*EXERCISE DETAILS*: The part below that opens with the line containing "Tenis de piel para hombre 2" and closes with the line containing "Smartwatch Health Watches" should be copied exactly, minus any pictures.

++++ RECORDS SHOWN

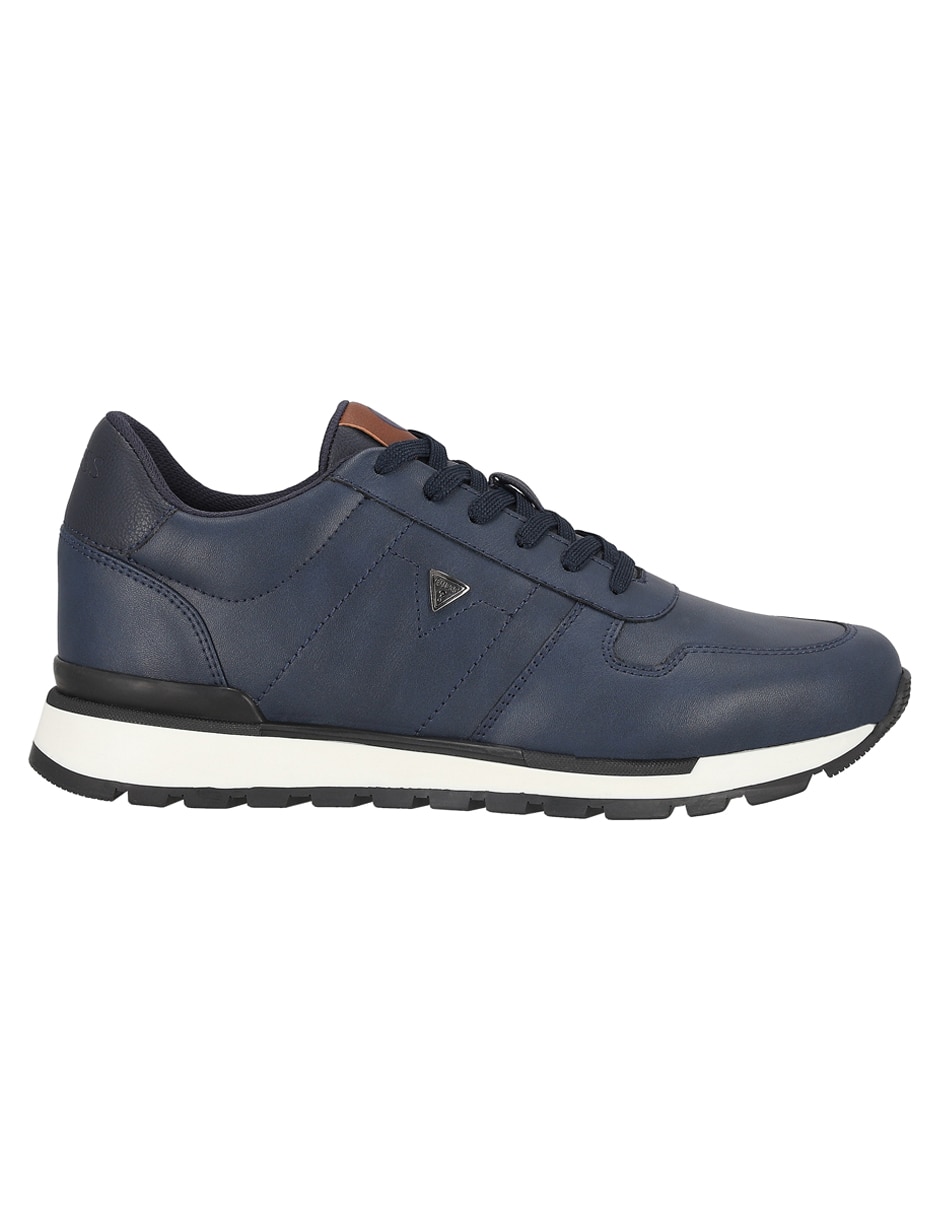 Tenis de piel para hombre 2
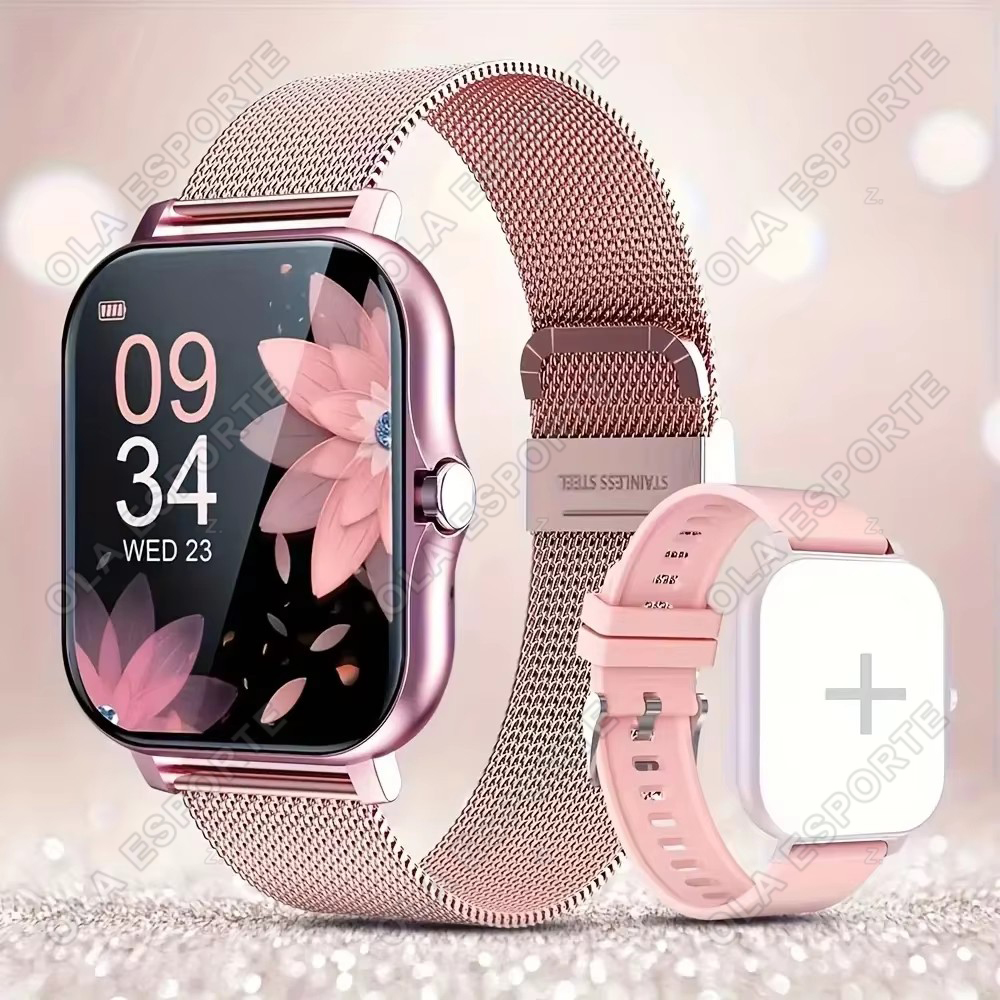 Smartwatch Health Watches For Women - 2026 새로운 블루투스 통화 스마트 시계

++++++++
++++ RECORDS SHOWN

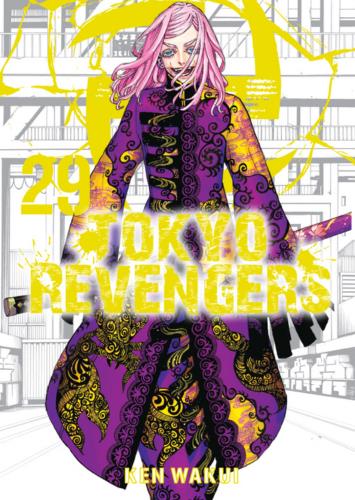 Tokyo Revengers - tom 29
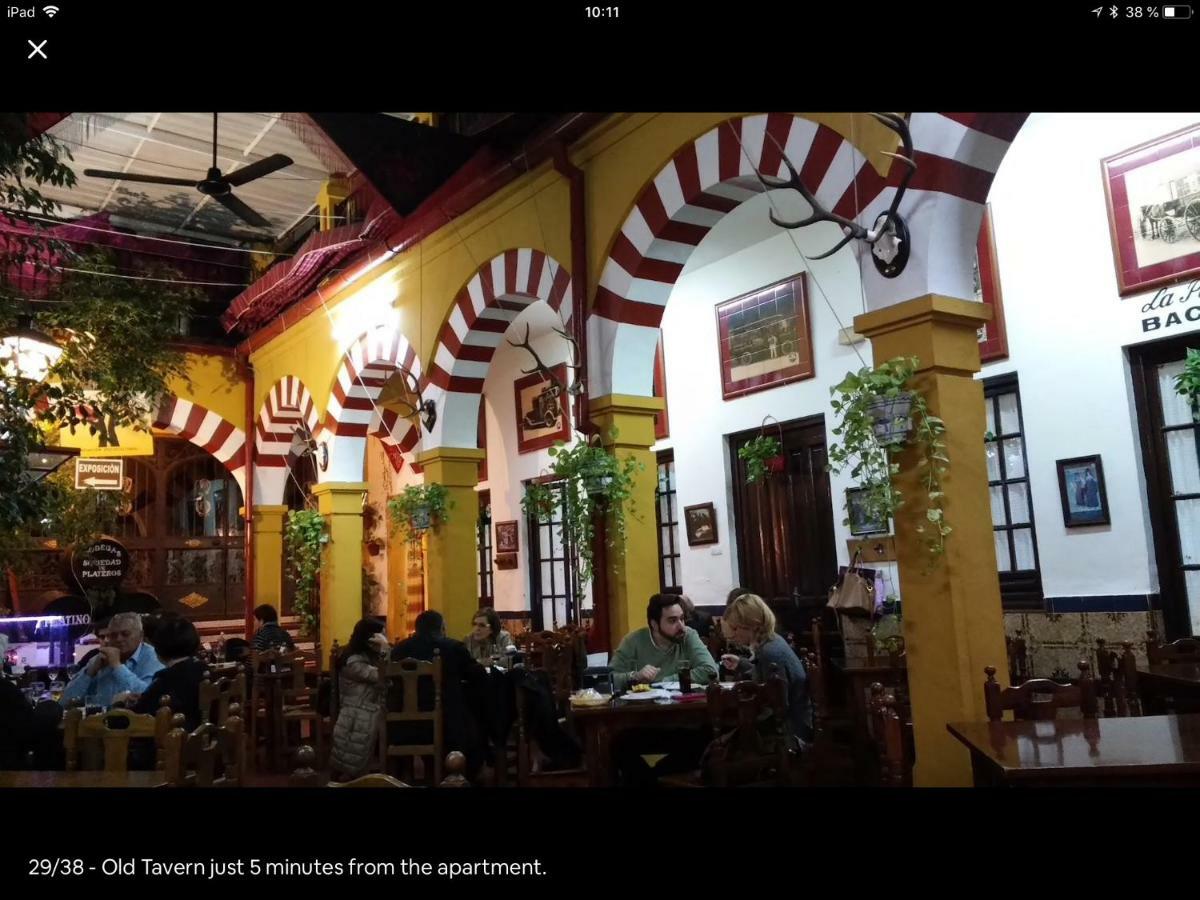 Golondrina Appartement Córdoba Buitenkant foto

++++++++

*THE ANSWER*:
 Tenis de piel para hombre 2
 Smartwatch Health Watches For Women - 2026 새로운 블루투스 통화 스마트 시계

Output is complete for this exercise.